They’re all moving to this method not only because they can improve machine translation, but because they can improve it in a much faster and much broader way. “The key thing about neural network models is that they are able to generalize better from the data,” says Microsoft researcher Arul Menezes. “With the previous model, no matter how much data we threw at them, they failed to make basic generalizations. At some point, more data was just not making them any better.”
For machine translation, Google is using a form of deep neural network called an LSTM, short for
long short-term memory. An LSTM can retain information in both the short and the long term—kind of like your own memory.
That allows it learn in more complex ways. As it analyzes a sentence, it can remember the beginning as it gets to the end. That’s different from Google’s previous translation method, Phrase-Based Machine Translation, which breaks sentences into individual words and phrases. The new method looks at the entire collection of words.
Of course, researchers have been trying to get LSTM to work on translation for years. The trouble with LSTMs for machine translation was that they couldn’t operate at the pace we have all come to expect from online service. Google finally got it to work
at speed—fast enough to run a service across the Internet at large. “Without doing lots of engineering work and algorithmic work to improve the models,” says Microsoft researcher Jacob Devlin, “the speed is very much slower than traditional models.”

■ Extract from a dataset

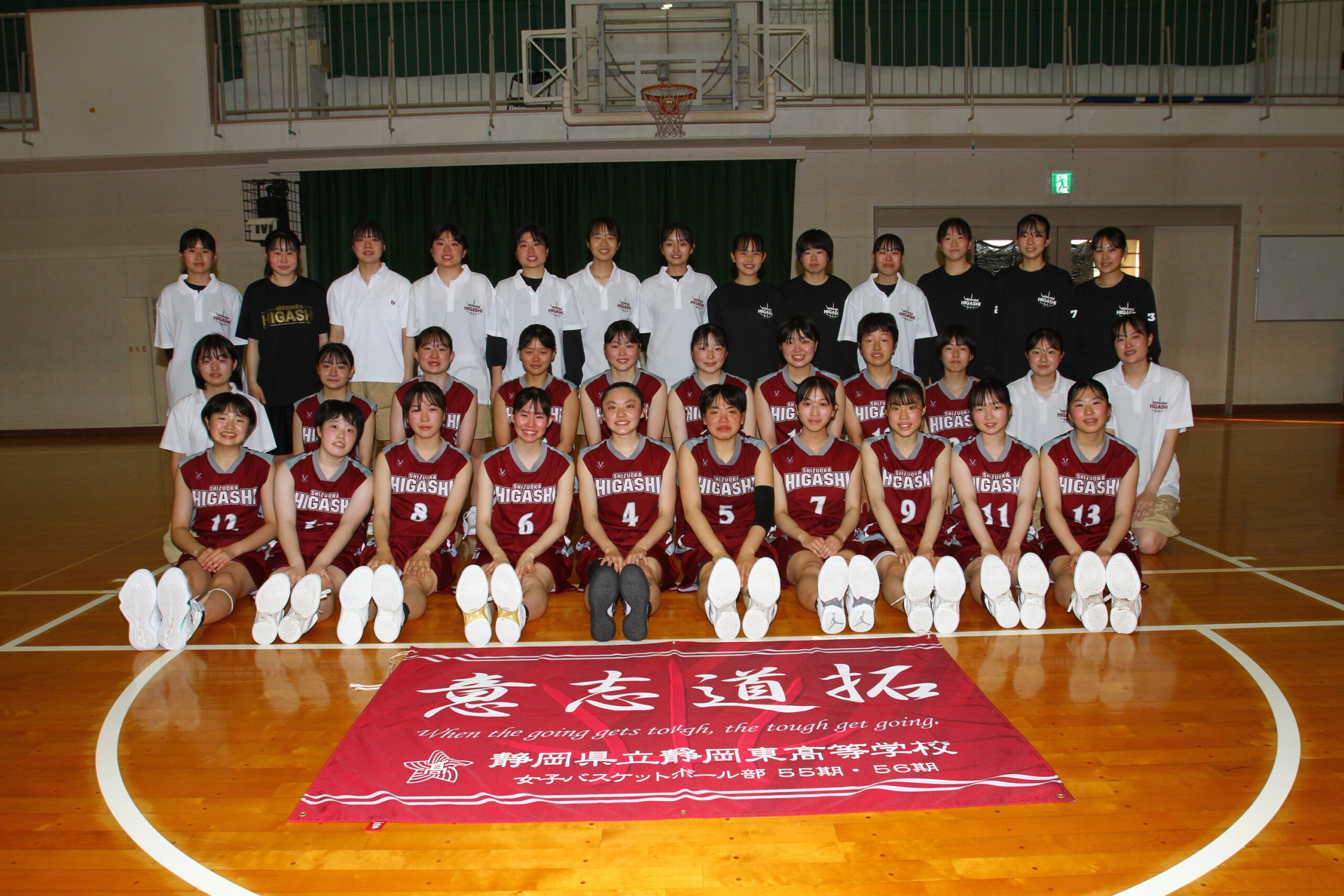 ☆WC2023プログラム制作奮闘記4☆父母会応援広告集合写真1☆ | 一般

According to Schuster, Google has achieved this speed partly through changes to the LSTMs themselves. Deep neural networks consists of layer after layer of mathematical calculations—linear algebra—with the results of one layer feeding into the next. One trick Google uses is to start the calculations for the second layer before the first layer is finished—and so on. But Schuster also says that much of the speed is driven by Google’s tensor processing units,
chips the company specifically built for AI. With TPUs, Schuster says, the same sentence that once took ten seconds to translate via this LSTM model now takes 300 milliseconds.